Şimdi tam konuyu hatırlamam çok zor. Ama zaten bu tip durumları o kadar sık yaşıyorum ki, hangi birinden bahsedeyim bilemedim.  
Metafor dolu bir örnekle genelleyerek, şöyle kabaca izah etmeye çalışayım:
Bir masa etrafına çevrelenmiş oturuyoruz.  Bir sandalyenin üzerinde benim kırmızı kazağım asılı. Kazak, az önce de belirttiğim gibi benim ve benim olduğu kadar da kırmızı. Bu konuda en ufak bir şüphem yok. Masanın en heyecanlısı ve popüleri, ‘Bu yeşil kazağa da bayılıyorum. Bunun esas en kalitelisi bilmem ne mağazasında satılıyor. Aslında kumaşı da şuradan ithal ediliyor bıdı bıdı dıv dıv…’ diye anlatmaya başlıyor. Üçüncü kere belirtmekte fayda görüyorum: Kazak benim ve kırmızı! İşte ben, böyle durumlarda kazağımın kırmızılığını savunamıyorum çoğu zaman.  Denediğimde de yüzüm, kazağımdan daha kırmızı oluyor.
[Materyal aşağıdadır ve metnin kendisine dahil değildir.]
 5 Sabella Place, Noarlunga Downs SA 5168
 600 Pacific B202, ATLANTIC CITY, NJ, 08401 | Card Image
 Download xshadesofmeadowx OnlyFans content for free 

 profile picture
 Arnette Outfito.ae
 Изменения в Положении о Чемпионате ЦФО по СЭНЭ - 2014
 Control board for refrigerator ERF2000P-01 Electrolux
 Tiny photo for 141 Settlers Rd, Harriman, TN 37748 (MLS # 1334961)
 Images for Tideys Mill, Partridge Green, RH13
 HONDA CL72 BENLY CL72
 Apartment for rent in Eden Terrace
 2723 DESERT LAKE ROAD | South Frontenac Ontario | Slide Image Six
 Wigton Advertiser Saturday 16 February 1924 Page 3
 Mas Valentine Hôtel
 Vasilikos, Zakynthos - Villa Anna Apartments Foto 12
Bir halsizlik, isteksizlik çöküyor üzerime. ‘Bir dakika, bir dakika… Bu kazak gayet de kırmızı!’ diyemiyorum. Karşımdakinin hevesini kırmaktan çekinmemden midir, genç yaşta üzerime çöken anlam veremediğim ölü toprağından mıdır bilmem, uzun uzun kazağın ne kadar yeşil olduğunu dinliyorum sonra…
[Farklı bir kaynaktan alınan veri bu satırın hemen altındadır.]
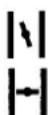 STIGA Snow Blizzard - CHOKE (2) - 1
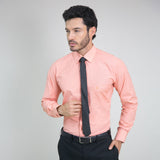 Camisa Formal| Kosta Azul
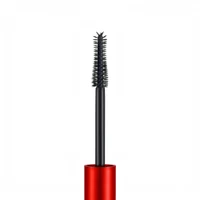 Flormar Volume Up Mascara 2
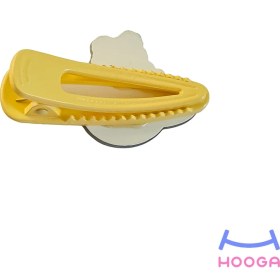 تصویر گلسر طرح خرس و سیاره 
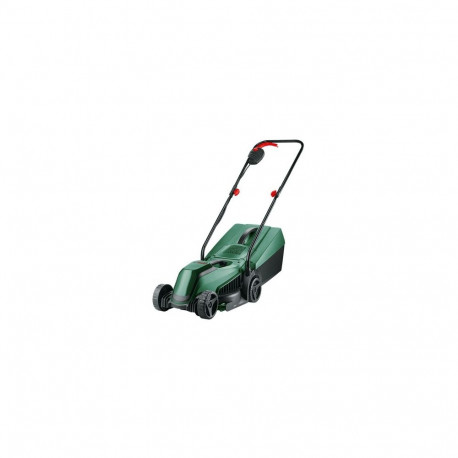 "Bosch Easy Mower 18V-32-200 Akku-Rasenmäher"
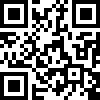 https://isna.ir/xd3579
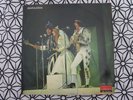 OS MUTANTES S/T(1969) LP 1969 ORIGINAL NEAR MINT MONO BRAZIL PSYCHEDELIC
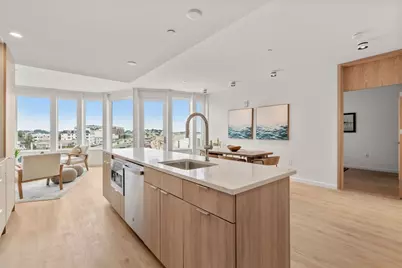 120 Nantasket #304, Hull, MA 02045 - Photo 1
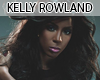 ^^ Kelly Rowland DVD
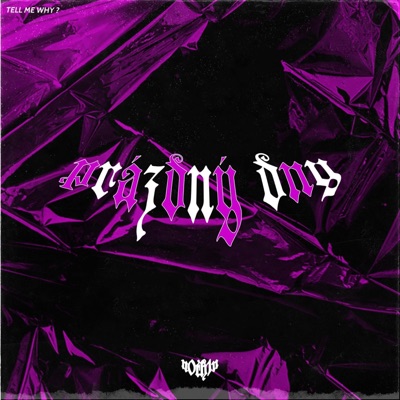 Prázdný Dny. - Single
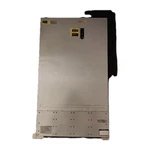 Hp Proliant DL380P GEN8 Rack Server, Intel 2.00GHZ, 65536MB Ram, B7E26A. Fixed Price $110.00.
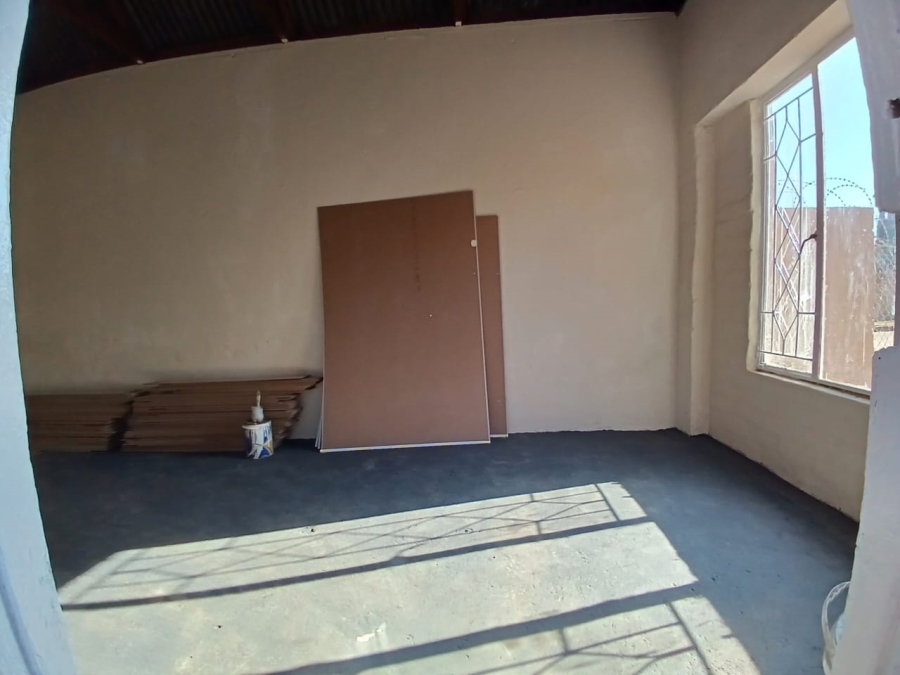 3 Bedroom Property for Sale in West Village Gauteng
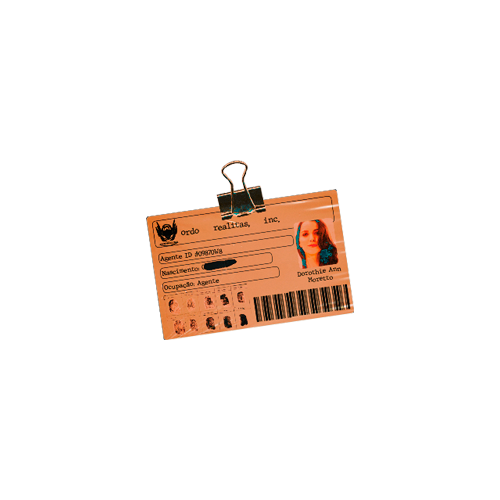 𓇚ᅠᴼ͟ᴿ͟ᴰ͟ᴱ͟ᴹᅠ╱ᅠ𝕻ARAN◌⃝RMAL. tweet media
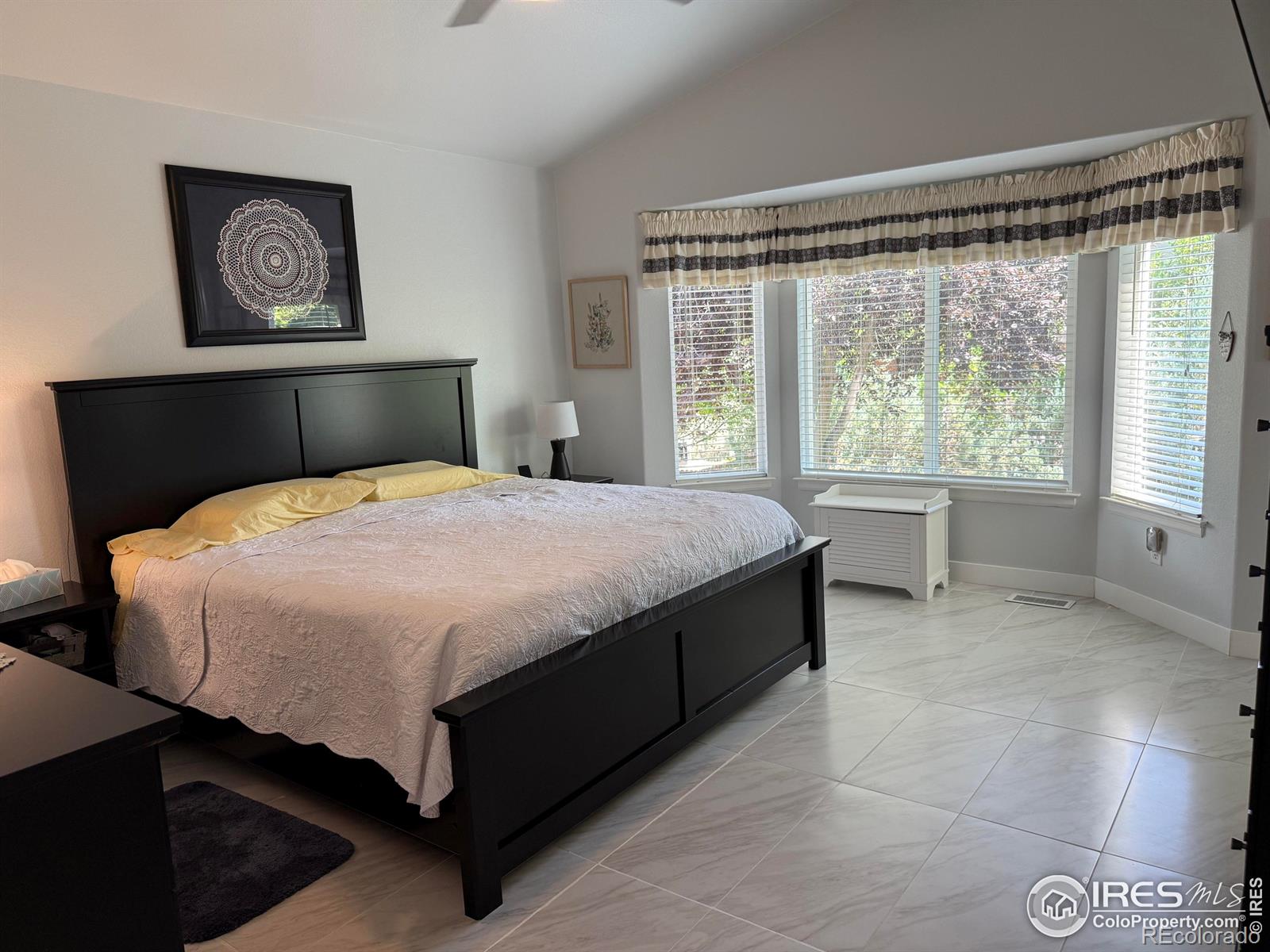 MLS Image #9 for 3542  larkspur drive,longmont, Colorado
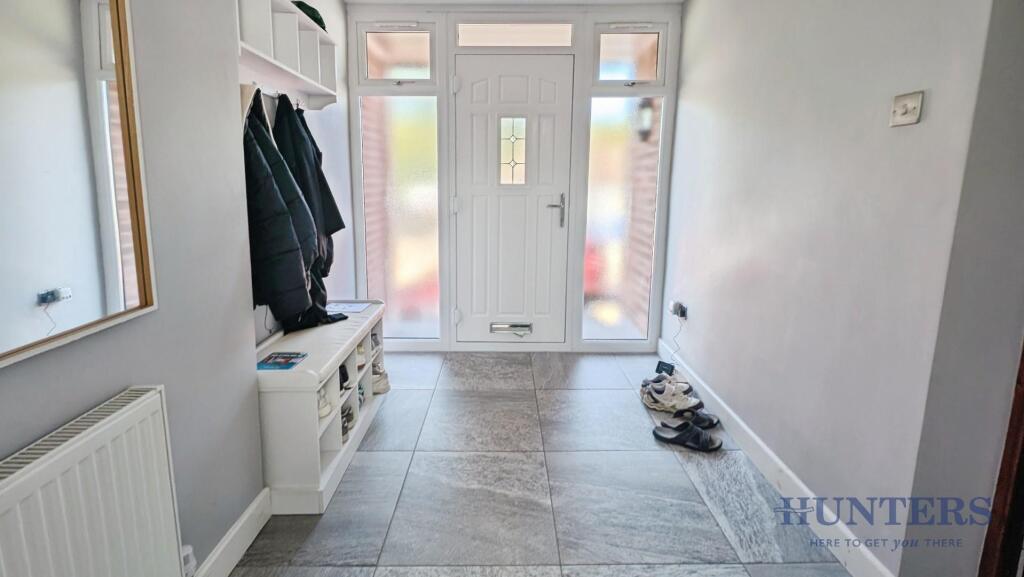 Additional image 13 of Coton Grove, Shirley, Solihull B90 1BS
Kızıyorum kendime. ’Toparla kendini, münakaşa et, tartış! Adam gözünün içine baka baka bilgiçlik taslıyor, hem de yanlış bilgi üzerinden’ diyorum. Sonra tatlı bir uyku basıyor işte…
Bazen, altına müteahhit kocası tarafından cip çekilmiş çiğ kadının yollardaki özgüveni gibi boş bir cahil cesareti kaplıyor içimi hayata karşı… Motivasyon doluyorum. Bazen de kredisi bitmemiş otosunu sağdan sağdan kullanan emekli muhasebeci gibi tedbirli ve huzursuz oluyorum.  Tedirgin muhasebeciler, çiğ kadınlara baskın geliyor benim temkinli ve gereğinden fazla nazik yaşantımda… Ya kırarsam, incitirsem karşımdakini diyorum. Sanıyorum, münakaşa özürlüyüm. Hem de bonus üşengeçliğimle birlikte…
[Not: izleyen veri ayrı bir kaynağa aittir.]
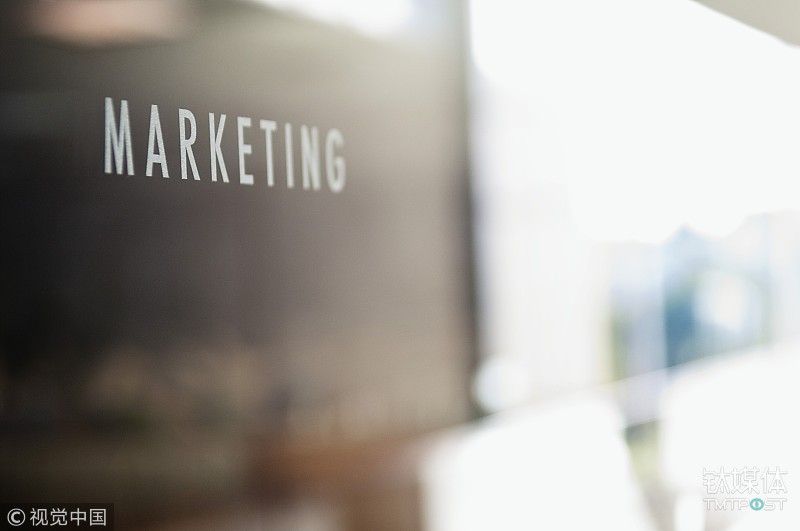 不懂如何营销，她总结出一套情绪营销的要诀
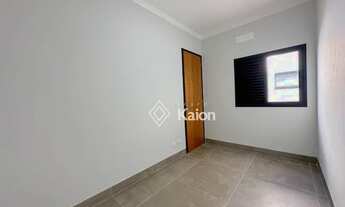 Imagem 15: Casa à venda em Salto no Condomínio Village Moutonnée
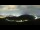 Webcam in Baden, 4.9 km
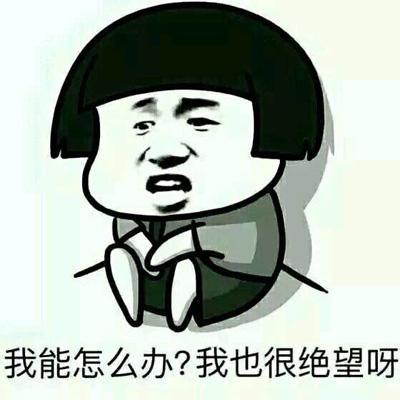 长期无人居住的房子放什么好,屋子里阴暗怎么改善风水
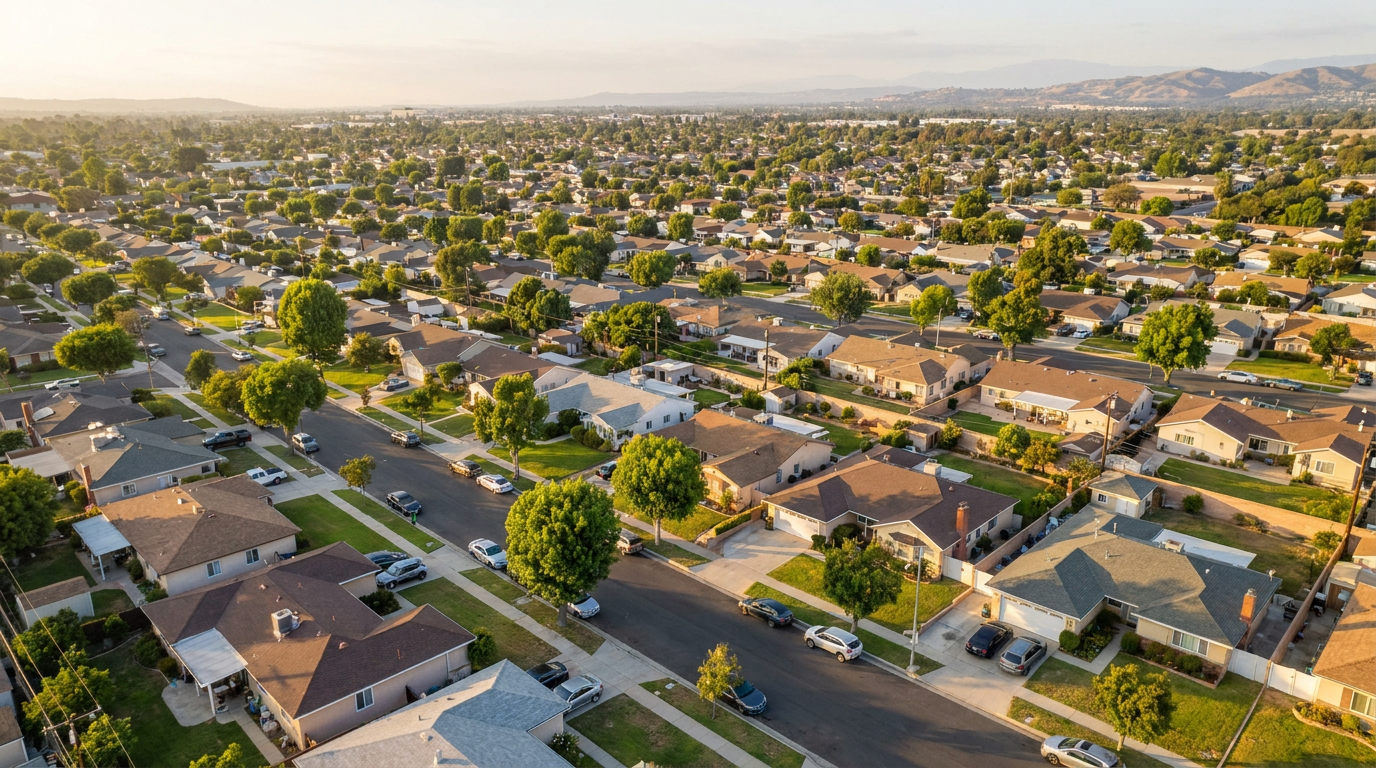 What is the Norwalk CalHome Program?,Orlando Garcia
O zaman da şunu sormak gerekiyor. Bildiklerimi savunmayacak ya da paylaşmayacaksam bildiklerimin benim için anlamı, artısı ne? Etrafımdaki fikirlere dokunmuyorsam neden bu kadar bilme çabası içindeyim? Misal, bir taksici ile siyaset tartışmaya üşeniyorsam neden hakim olmaya çalışıyorum ki konuya? Değil mi ama?
İşte bir günü daha böyle doz aşımı kibarlıklarla, alttan almalarla, suni tebessümlerle geçiriverdim. Benim huyum bu sanırım:  Can çekişen, nefessiz bırakan, sıkıcı sohbetlere, ‘suni tebessüm’ uyguluyorum.
Yüz kaslarımı ağrıtacak uzunlukta tebessümler eşliğinde, hiç hazzetmediğim muhabbetler dinliyorum . Kibarlaştıkça kırılıyor, kırıldıkça değersizleşiyorum aslında. Çünkü nezaketin prim yapmadığı, saygısızlığın ve agresifliğin yüceltildiği dönemlere uymuyor bu çıtkırıldım hareketler. Dinlemeden ve tam olarak bilmeden konuşmanın, boş da olsa illa ki konuşmuş olmanın galip geldiği günlerdeyiz bir kere. Nereden bulaşmış bana bu nezaket diyeceğim ama genetik bilim tüm yanıtları zaten apaçık ortaya koyuyor zaten. Arkadaş en azından karakterimizi kromozom kardeşlerin eline bırakmasaydık…
Hal böyle oldukça, benim kazak yeşil kalacak sanırım…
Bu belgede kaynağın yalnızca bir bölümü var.